Üstün bir karar alıp yeni bir yaşam biçimi seçtiğimiz zamanlar, belirli bir alt kültürle ya da toplulukla ilişki kurmakta, iç görüntümüzde bazı değişiklikler yapmaktayız. Başka bir deyişle, değişik bir kişi olmakta, kendimizi değişik olarak tanımlamaktayız. Daha önceki yaşam tarzımızı bilen eski dostlar, bildik bir tavırla kaşlarını kaldıracaklardır. Bizi tanımakta gittikçe zorluk çekeceklerdir. Gerçekte biz de eski kimliğimizi sevmekte ya da tanımakta güçlüklerle karşılaşacağız. Bir hippi geçiş aşamalarını farketmeden, astığı astık kestiği kestik bir işadamı haline gelebileceği gibi, bir işadamı da tarzının dış yapısını olduğu kadar temel tavırlarını da elden çıkarabilir. Günün birinde, "Geriye ne kaldı?" sorusunun bütün çıplaklığıyla önüne dikilmesi kaçınılmazdır. Kişiliğinden ya da 'kendinden' sürekli ve dayanaklı bir içyapı olarak geriye ne kalmıştır? Bazıları için karşılık yalındır. Çünkü onların artık 'kendim' kavramıyla ilişkileri kalmamıştır;bir dizi 'kendim' söz konusu olmuştur onlar için.

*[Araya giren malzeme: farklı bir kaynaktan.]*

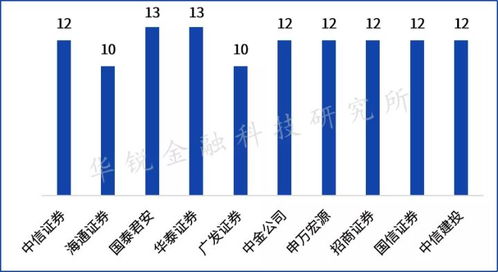 基于第一性原理審視券商財富管理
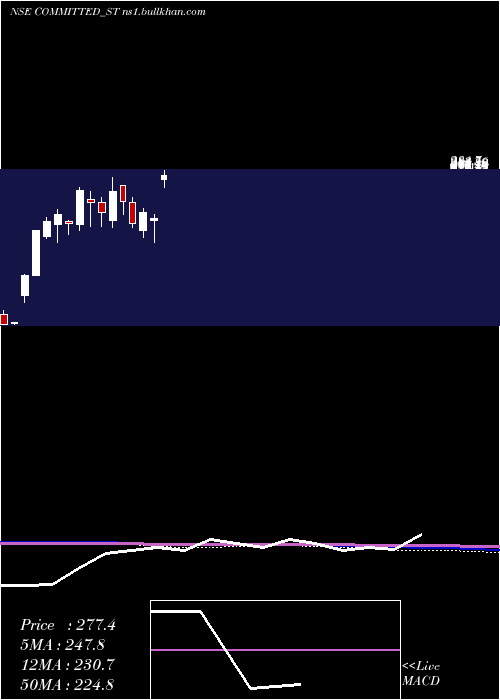  monthly chart CommittedCargo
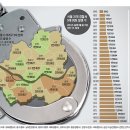 종암경찰서 이미지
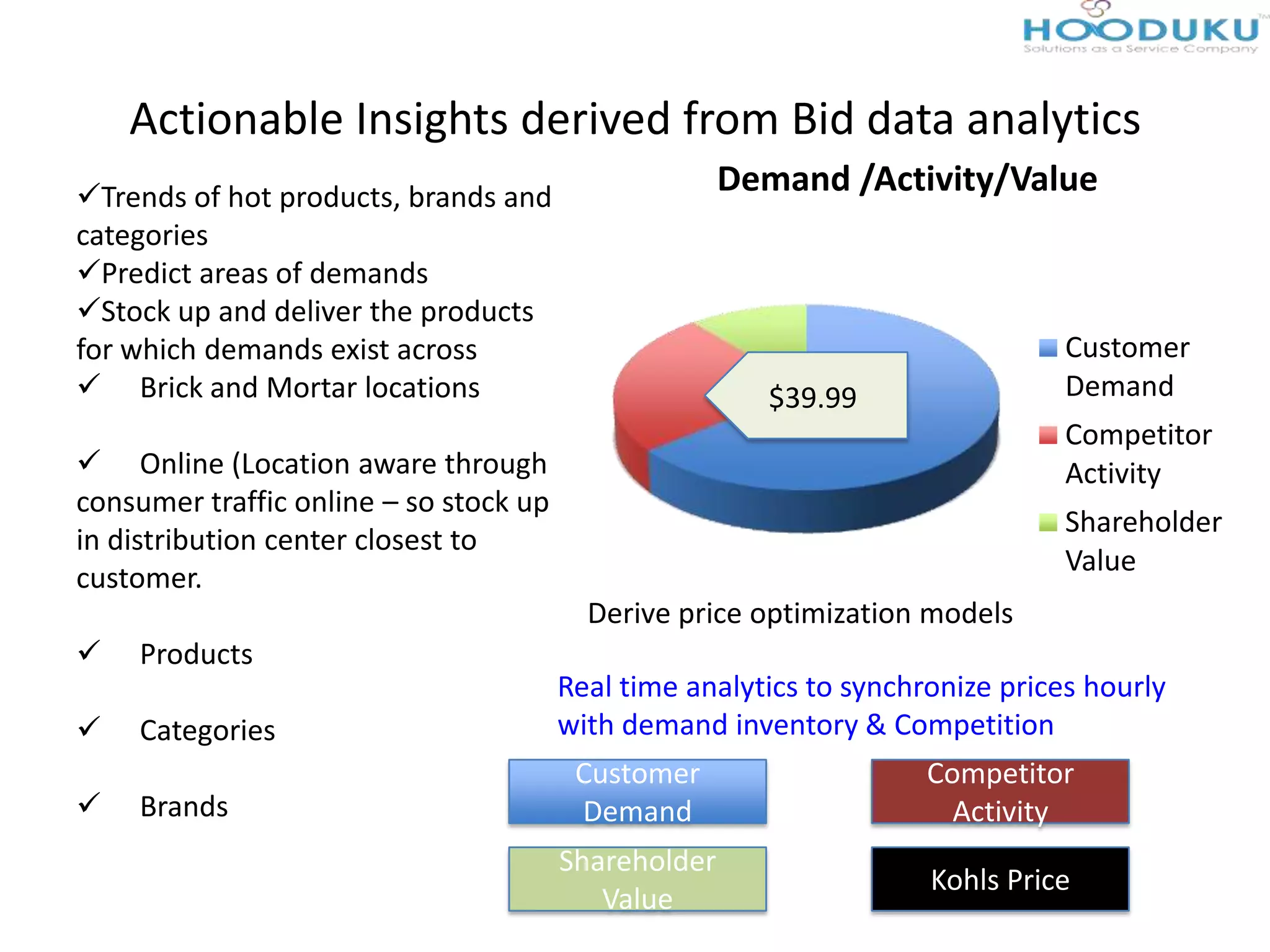 Actionable Insights derived from Bid data analytics
Trends of hot products, brands and
categories
Predict areas of demands
Stock up and deliver the products
for which demands exist across
 Brick and Mortar locations
 Online (Location aware through
consumer traffic online – so stock up
in distribution center closest to
customer.
 Products
 Categories
 Brands
Demand /Activity/Value
Customer
Demand
Competitor
Activity
Shareholder
Value
$39.99
Derive price optimization models
Real time analytics to synchronize prices hourly
with demand inventory & Competition
Customer
Demand
Competitor
Activity
Shareholder
Value
Acme’s Price
 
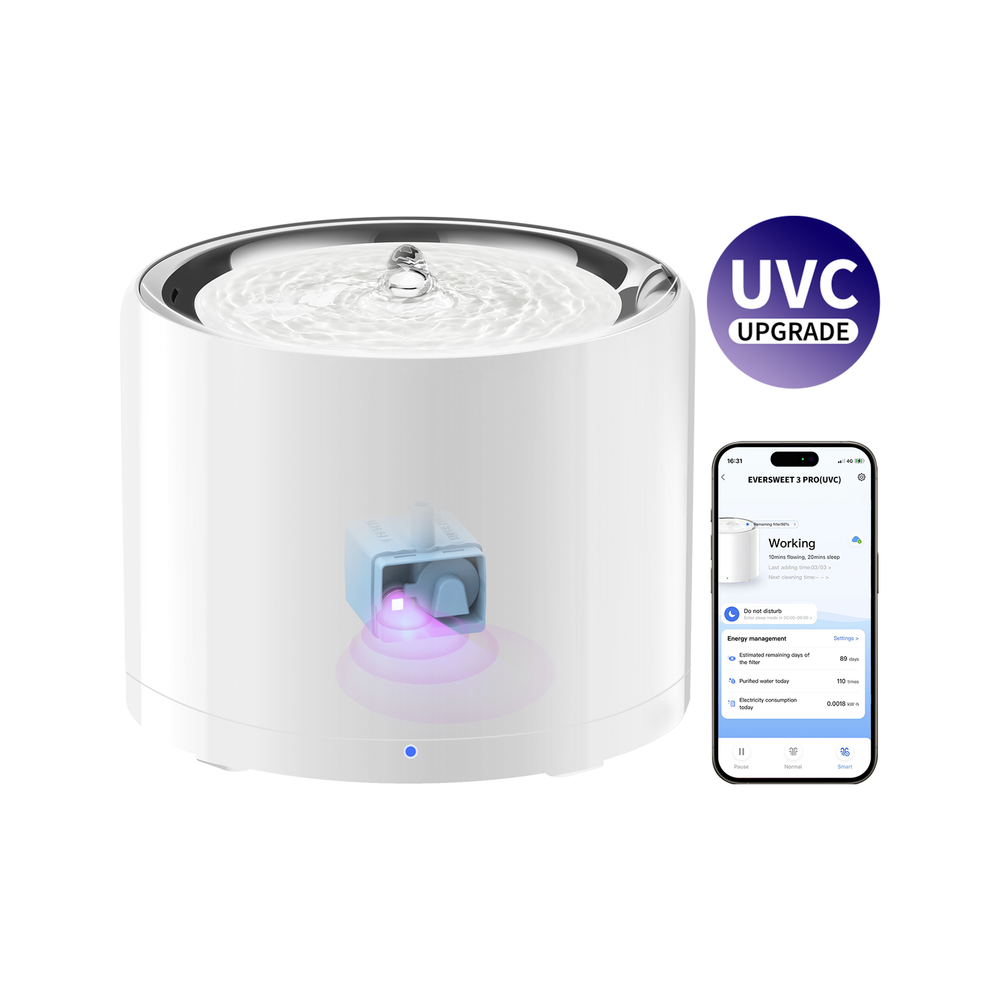 PetKit EverSweet Max 2 (UVC)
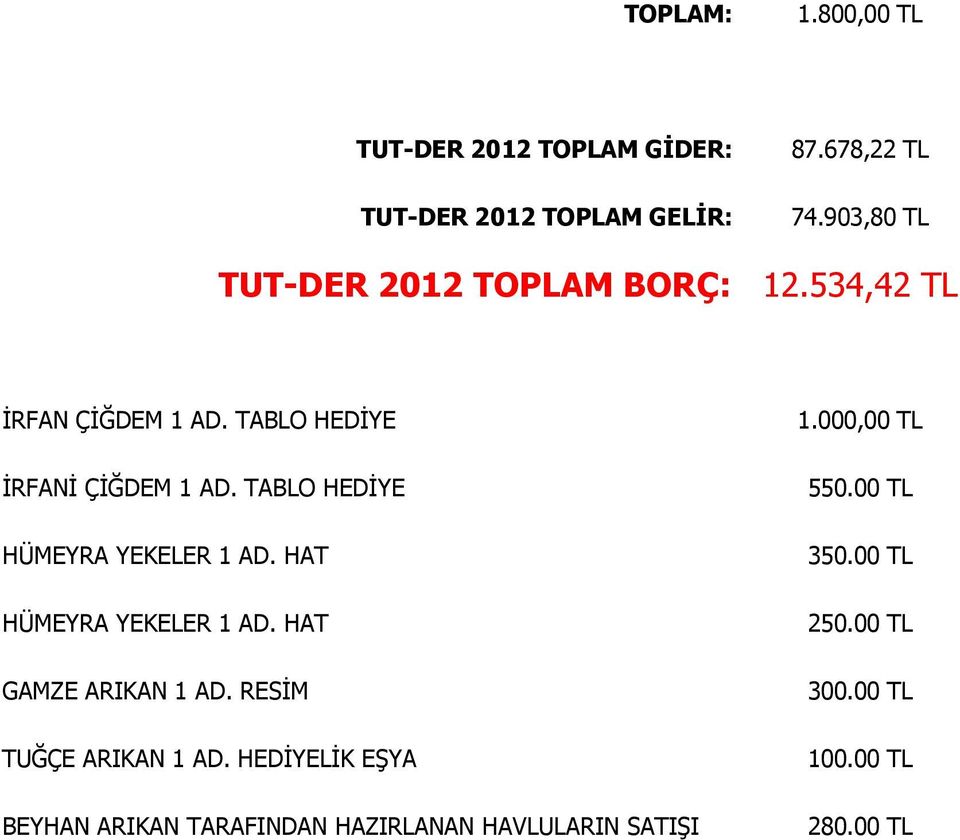 678,22 TL 74.903,80 TL 12.534,42 TL İRFAN ÇİĞDEM 1 AD. TABLO HEDİYE İRFANİ ÇİĞDEM 1 AD.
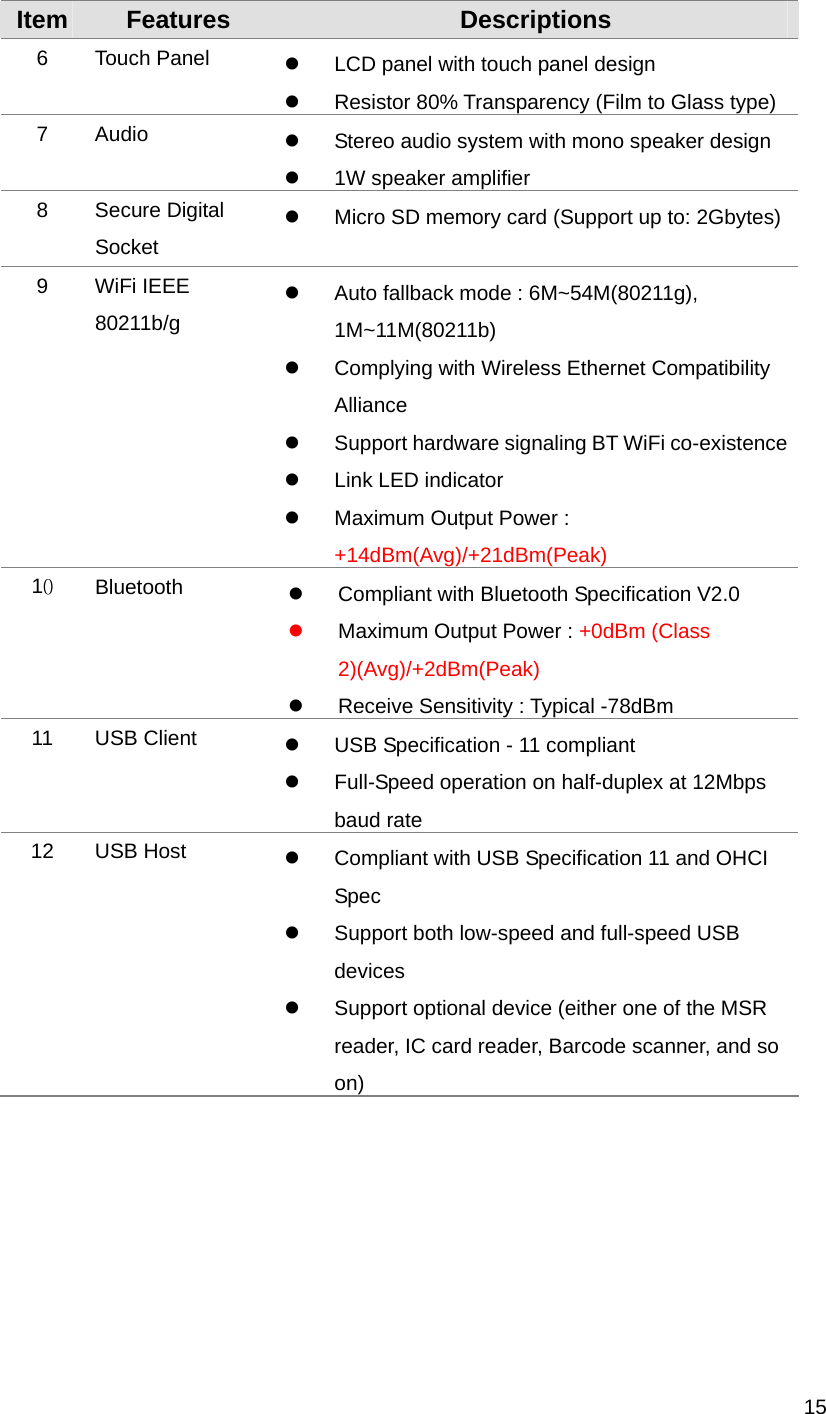   15   Item  Features  Descriptions 6 Touch Panel    LCD panel with touch panel design   Resistor 80% Transparency (Film to Glass type) 7 Audio    Stereo audio system with mono speaker design   1W speaker amplifier 8 Secure Digital Socket   Micro SD memory card (Support up to: 2Gbytes)9 WiFi IEEE 80211b/g   Auto fallback mode : 6M~54M(80211g), 1M~11M(80211b)   Complying with Wireless Ethernet Compatibility Alliance   Support hardware signaling BT WiFi co-existence  Link LED indicator   Maximum Output Power : +14dBm(Avg)/+21dBm(Peak) 10 Bluetooth    Compliant with Bluetooth Specification V2.0  Maximum Output Power : +0dBm (Class 2)(Avg)/+2dBm(Peak)   Receive Sensitivity : Typical -78dBm 11 USB Client    USB Specification - 11 compliant   Full-Speed operation on half-duplex at 12Mbps baud rate 12 USB Host    Compliant with USB Specification 11 and OHCI Spec   Support both low-speed and full-speed USB devices   Support optional device (either one of the MSR reader, IC card reader, Barcode scanner, and so on) 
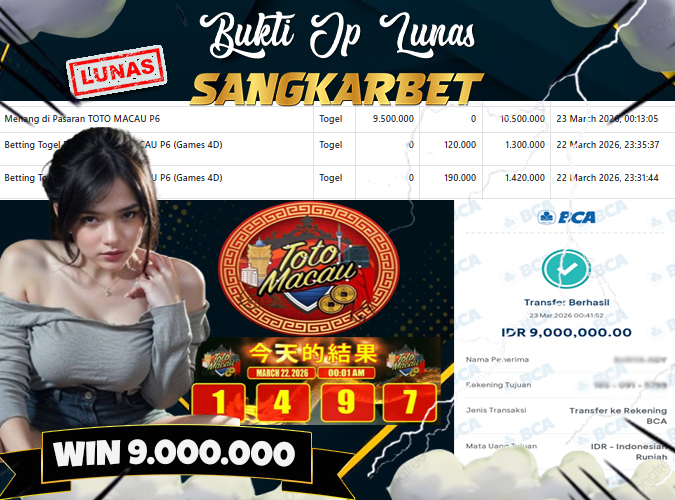 SANGKARBET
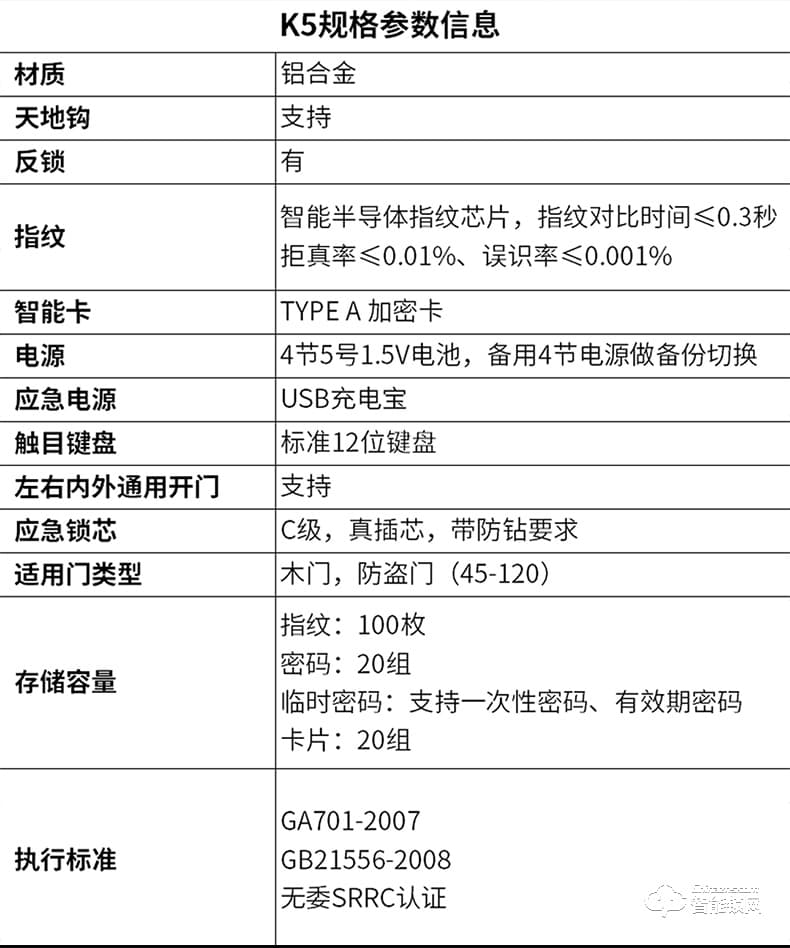 TCL智能锁 K5家用防盗门智能密码门锁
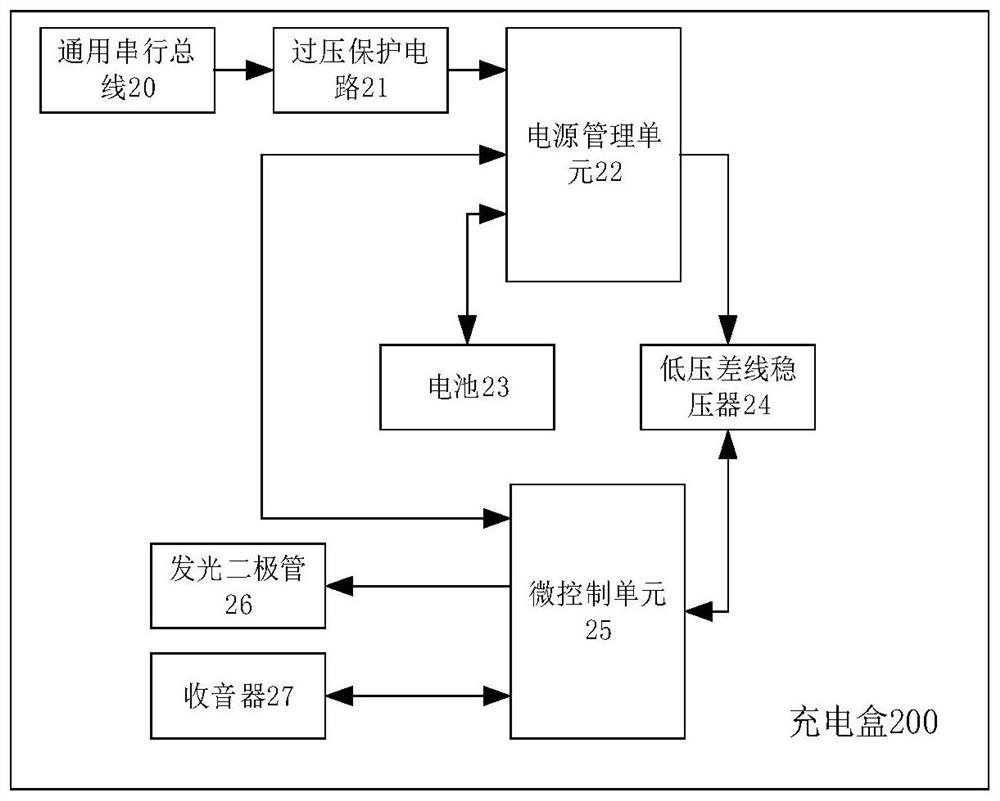 Detection method and device, charging box and storage medium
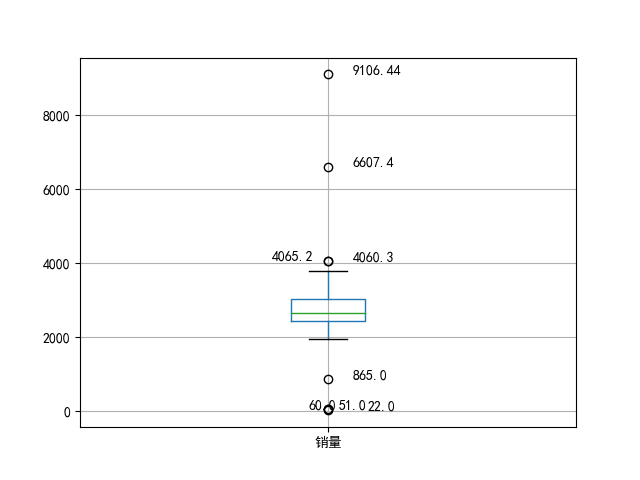 phython数据分析 python数据分析与数据挖掘_数据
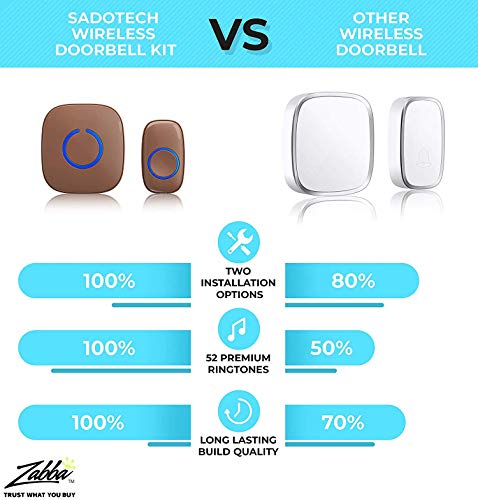 https://m.media-amazon.com/images/I/51Zf7aMMW7L._SL500_.jpg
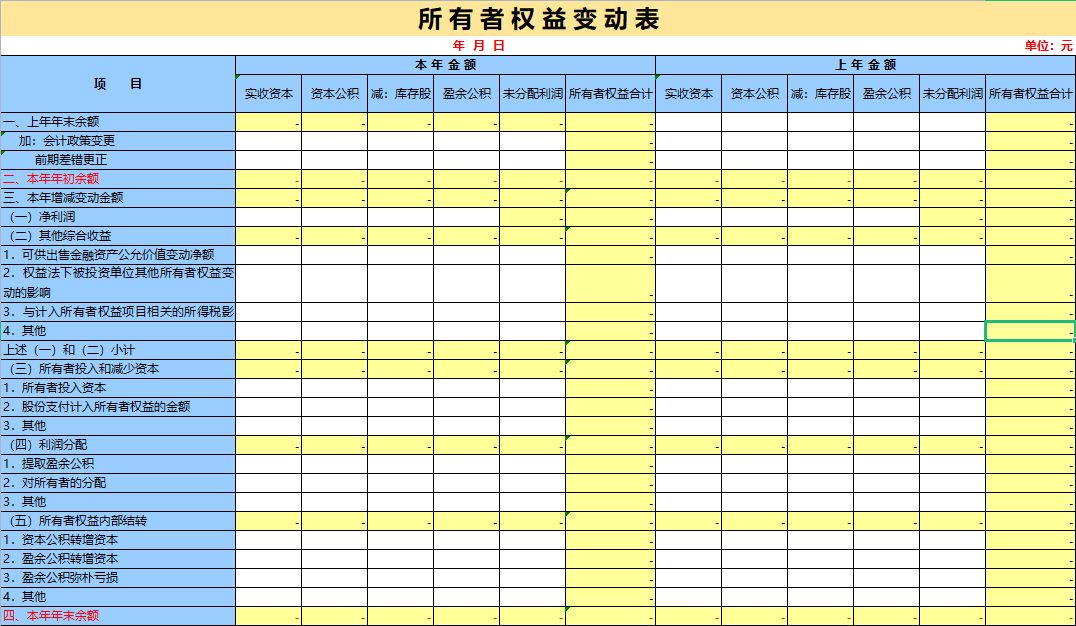 事業(yè)單位財務分析報告(參公人員進入事業(yè)單位后,還又可以進入?yún)⒐珕挝粏?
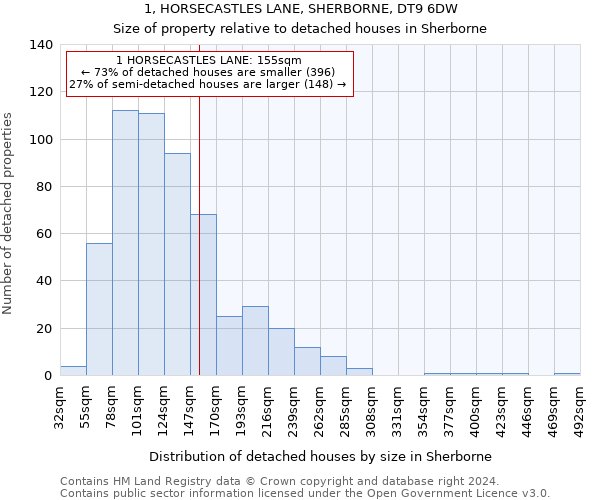 1, HORSECASTLES LANE, SHERBORNE, DT9 6DW: Size of property relative to detached houses in Sherborne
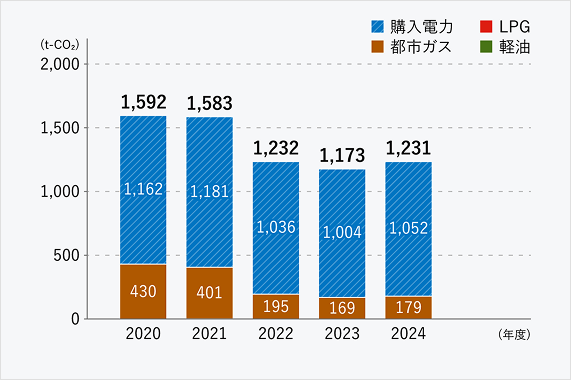CO2排出量（エネルギー起源）のグラフです。購入電力は2020年度1,162t-CO2、2021年度1,181t-CO2、2022年度1,036t-CO2、2023年度1,004t-CO2、2024年度1,052t-CO2です。都市ガスは2020年度430t-CO2、2021年度401t-CO2、2022年度195t-CO2、2023年度169t-CO2、2024年度179t-CO2です。合計の排出量は2020年度1,592t-CO2、2021年度1,583t-CO2、2022年度1,232t-CO2、2023年度1,173t-CO2、2024年度1,231t-CO2です。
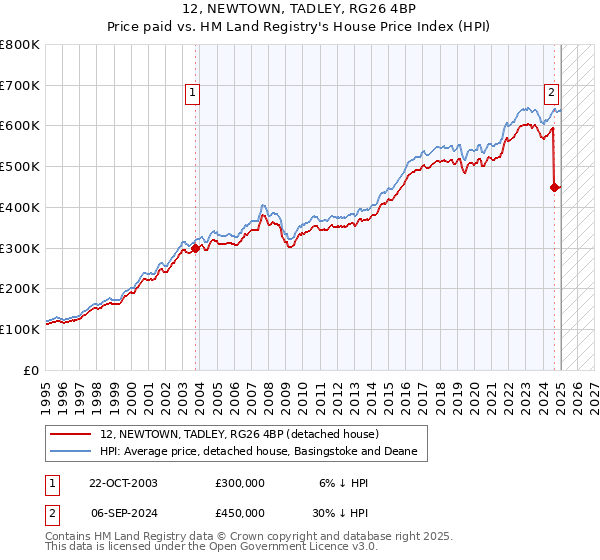 12, NEWTOWN, TADLEY, RG26 4BP: Price paid vs HM Land Registry's House Price Index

Çağımız, insanın kendini kavraması konusunda temel değişiklikleri gerekli kılmaktadır. İnsan yaşamındaki süreklilikleri olduğu kadar, süreksizlikleri de göz önüne alan, yeni bir kişilik kuramı oluşturmalıdır. Çağımız, yeni bir özgürlük kavramını da beraberinde getirmektedir. Sonuna dek zorlandığında, özgürlüğün kendini yadsıdığı gözden kaçırılmamalıdır. Toplumun, yeni bir faklılaşma düzeyine sıçraması, yeni olanakları da beraberinde getirecektir. Yeni teknoloji, geçici örgütsel biçimler, yeni bir insan türüne gereksinim duyacaklardır. Tüm boşluklara ve geçici geri dönüşlere rağmen, sosyal gelişmenin, bizi türlü insan tiplerine karşı duyulan geniş bir hoşgörüye ve kabule doğru götürmesinin nedeni budur. 'İstediğini yap' görüşünün birden yaygınlaşması da bu tarihsel hareketin bir sonucudur. Toplum bölündükçe ya da farklılaştıkça, çeşitli yaşam tarzları daha çok yaygınlaşacaktır. Toplum, sosyal açıdan kabul gören yaşam tarzlarını ortaya koydukça, herkesin istediğini yaptığı bir düzeye ulaşacaktır. Üstün beceri ve akıl düzeyinde olan, üstün sanayiye ilişkin sosyal yapının hızla oluşmasına akıl erdirebilen, doğru yaşam hızını saptayıp, doğru alt kültürlere zamanında giren ve zamanında gerekli yaşam tarzı örneklerini edinen kişi için başarı kaçınılmazdır. Bu büyük sözlerin, insanların çoğuna uygulanamayacağı bir gerçektir. Geçmişte ve şimdilerde çoğu insanın belirli yaşam tarzları içinde sıkışıp kaldıkları, bilinen gerçektir. Çoğu insan için seçim olanakları söz konusu değildir. Seçim olanaklarının artırılması, özgürlüğe giden yol olarak görülmemelidir. Seçim olanaklarının aşırı seçime ve özgürlüğün tutsaklığa dönüşebileceği olasılığı da gözden ırak tutulmamalıdır.